The moody media room, dressed in dark illustrative wallpaper and a polka dot carpet, and anchored by a deep blue sectional, is perfect for film screenings and evenings in. Down the hall, a combined laundry and gym space ensures that even the most utilitarian areas of the home are integrated into the overall design flow.




The guest suite is treated with as much care and color as the primary spaces. Rich terracotta-toned walls and a patterned ceiling create a warm, sunset-like glow in the guest bedroom. The adjoining bathroom is a marvel of maximalist design: deep rouge square tiles in the shower contrast with a dark teal tub and vibrant pink floral wallpaper, creating an exceptional guest experience.

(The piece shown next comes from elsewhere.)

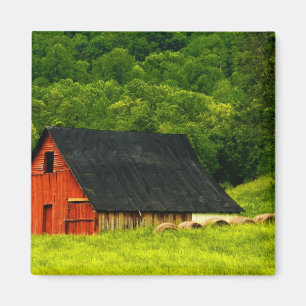 Aimant États-Unis, Virginie, Parc national de Shenandoah,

The Power of Personal Design
Where the original house was closed-off, clunky, and architecturally confused, the renovated Woodland Pop House is light-filled, rhythmic, and intentional. By shifting the focus toward the Catskill vistas and embracing a high-saturation palette throughout, the team transformed a house that “never quite fit” into a residence that finally embraces its occupants.
Woodland Pop House is a testament to the fact that modern architecture doesn’t have to be cold or white to be sophisticated. It is a celebration of the courage to be personal — proof that a home is at its best when it refuses to blend in.


Studio MM Team
Marica McKeel
Holdt Jones
Interior Design Team
Clients, names witheld
Consultants
General Contractor: HNI Builders
Structural Engineering: TYLin (Silman)
Photography: Brad Feinknopf
Kitchen and Countertops: Cabinet Designers
Library Millwork: Ian Von Miller
Main Bedroom: Old Mine Carpentry Co.
Bedroom Shelving: Rakks Shelving
Exterior Landscape Sculpture: Fall Fittings
Plantings: Victoria’s Gardens
Hardscaping: Shawn McCloskey
The Original Home
The original home had a split level entry at the front of the house that had a large and cumbersome deck, and a tight, cramped interior. On the side and rear of the home, the deck was busy, confusing and too small for the types of gatherings that our clients wanted to host. Our clients had infused their love of color into some of the existing spaces, but they knew the home had much more to offer!



The Design Process
We had already worked with these clients on Modern Accord Depot, so we knew that their love of color would play a large role in the design. We spent time providing multiple iterations and options, and worked through many different models of the addition! Once the final version was developed, we also got to play with exterior colors, experimenting with different roof colors and combinations.



Construction
Large-scale renovation projects are inherently collaborative. Unexpected conditions are part of the process, and a strong working relationship between architect, client, and contractor is essential. Woodland Pop House is a testament to that kind of joyful, productive partnership. Throughout construction, we navigated site conditions together, brainstormed solutions on the fly, and provided the clients with a range of fixture and finish mockups to guide their interior design decisions. We also worked closely with the contractor to coordinate and implement ideas, liaising with millworkers, glass fabricators, window representatives, painters, and lighting vendors. When a home is anything but standard, communication and project management have to be exceptional — and here, they were.